Available records:
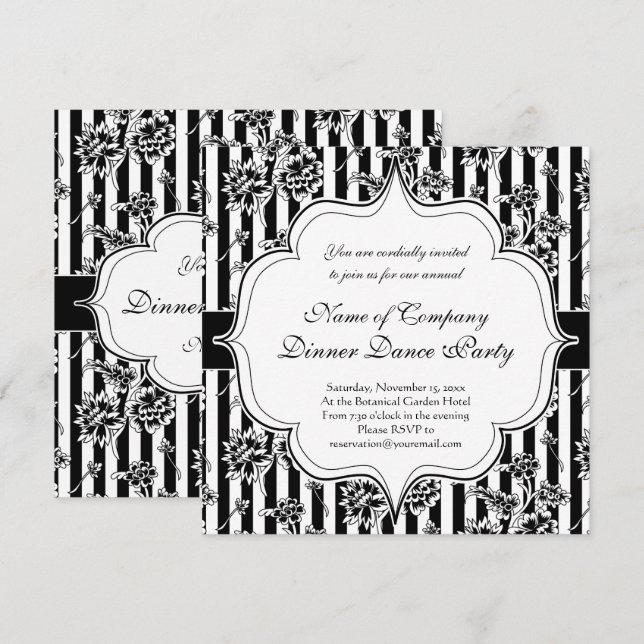 Elegant Black Tie Formal Dinner Dance Party Invita Invitation (Front/Back)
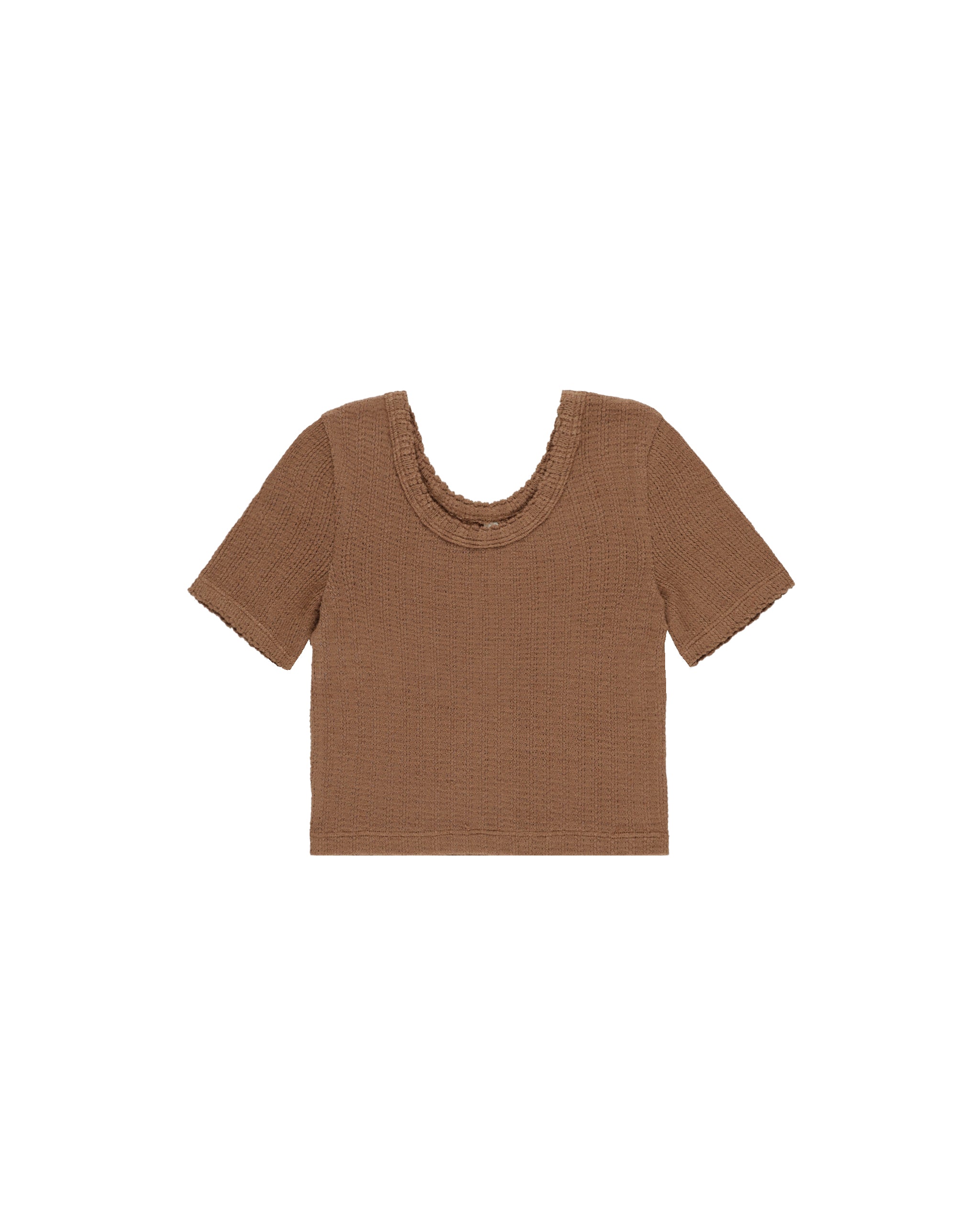 Rylee + Cru Scallop Tee - Saddle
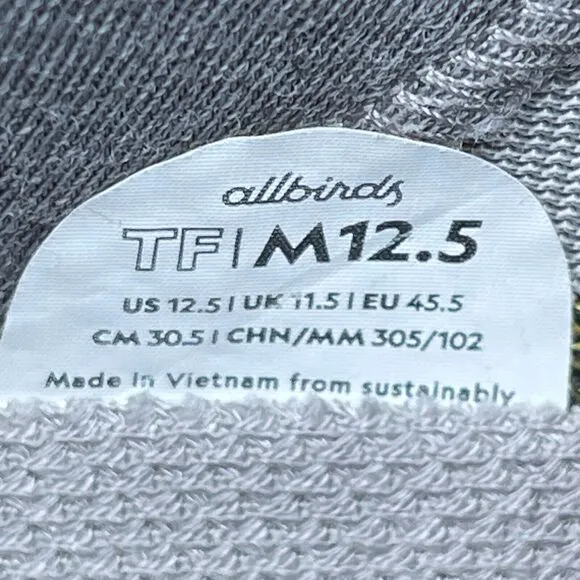 Allbirds Tree Flyer Silver Fern Shoes Mens Size 12.5 Black Yellow Blizzard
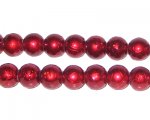 8mm Drizzled Red Glass Bead, approx. 35 beads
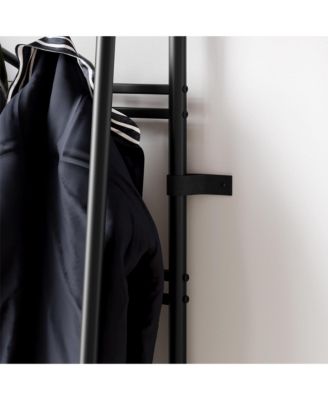 Hall Tree 4-In-1 Entryway Coat Rack with 5 Hooks and Shoe Storage Bench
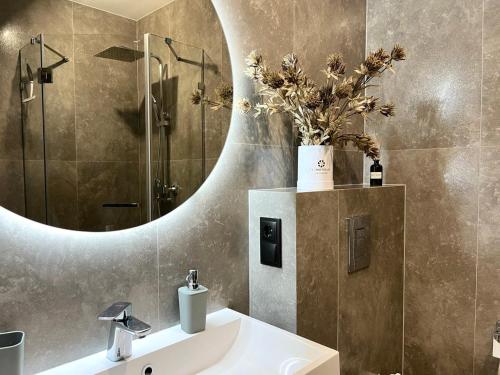 a bathroom with a sink and a mirror at Апартаменти Парус Сіті in Lviv
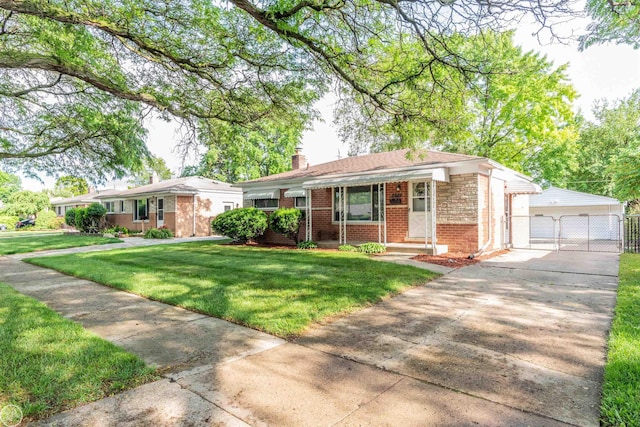 4444 Martin Rd, Warren, MI 48092 - ranch-style house with brick siding, an outdoor structure, a chimney, a front yard, and a garage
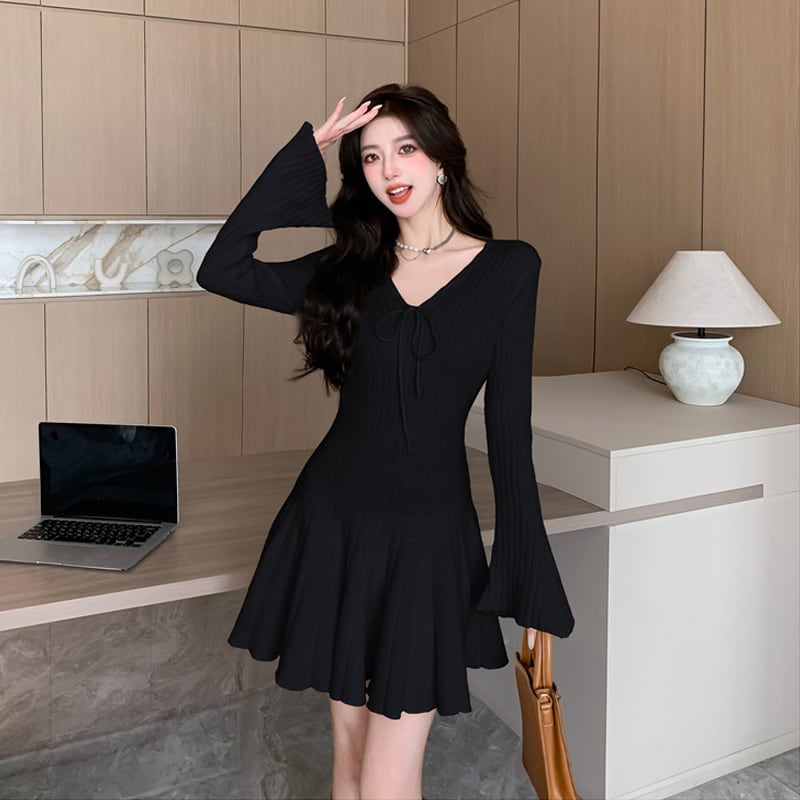 【dress】フレアニットワンピース Q6936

Problem to solve: Retype exactly the lines above, starting at the line containing "a bathroom with" and ending with the last line, both included; leave out the pictures.

Answer to the exercise:
 a bathroom with a sink and a mirror at Апартаменти Парус Сіті in Lviv
 4444 Martin Rd, Warren, MI 48092 - ranch-style house with brick siding, an outdoor structure, a chimney, a front yard, and a garage
 【dress】フレアニットワンピース Q6936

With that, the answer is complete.